### REQUIREMENT
In the entries below, find the line with "Grupa ludzi w" and the line with "3472 Fm 2869, Hawkins, TX", then retype both and everything between them exactly. Do not copy the pictures.

### DATA LISTING
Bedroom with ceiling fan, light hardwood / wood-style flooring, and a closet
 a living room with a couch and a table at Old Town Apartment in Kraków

---

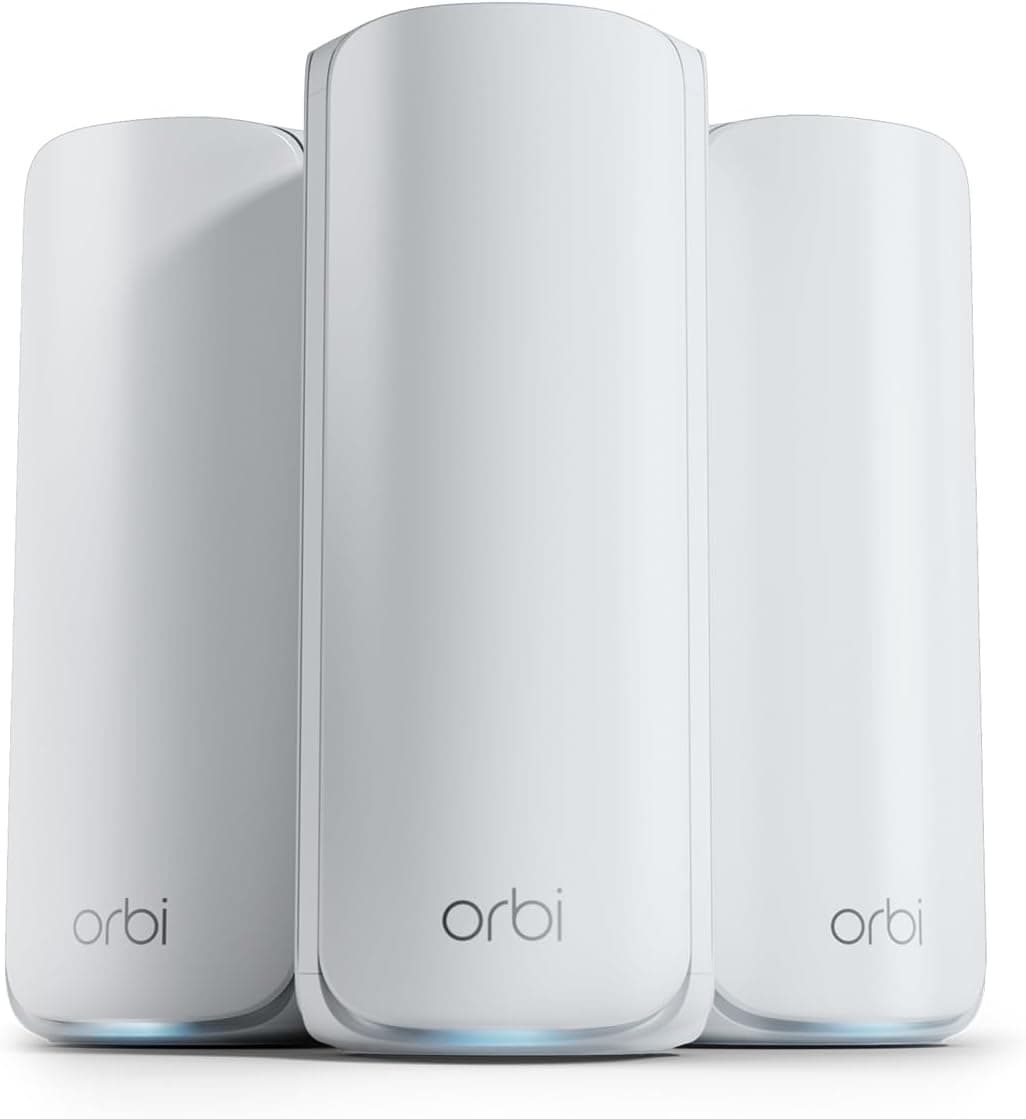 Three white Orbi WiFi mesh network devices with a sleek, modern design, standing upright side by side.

--

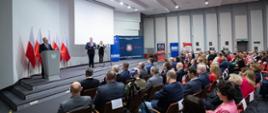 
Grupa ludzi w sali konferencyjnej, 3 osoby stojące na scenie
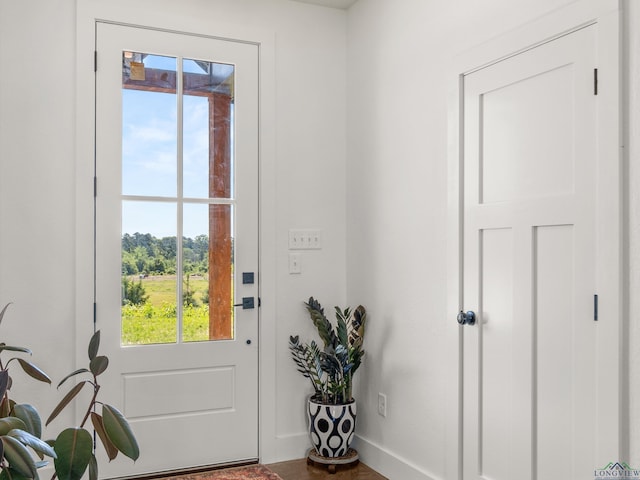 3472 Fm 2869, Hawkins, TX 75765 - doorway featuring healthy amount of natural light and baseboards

### ANSWER TO THIS EXERCISE
Grupa ludzi w sali konferencyjnej, 3 osoby stojące na scenie
 3472 Fm 2869, Hawkins, TX 75765 - doorway featuring healthy amount of natural light and baseboards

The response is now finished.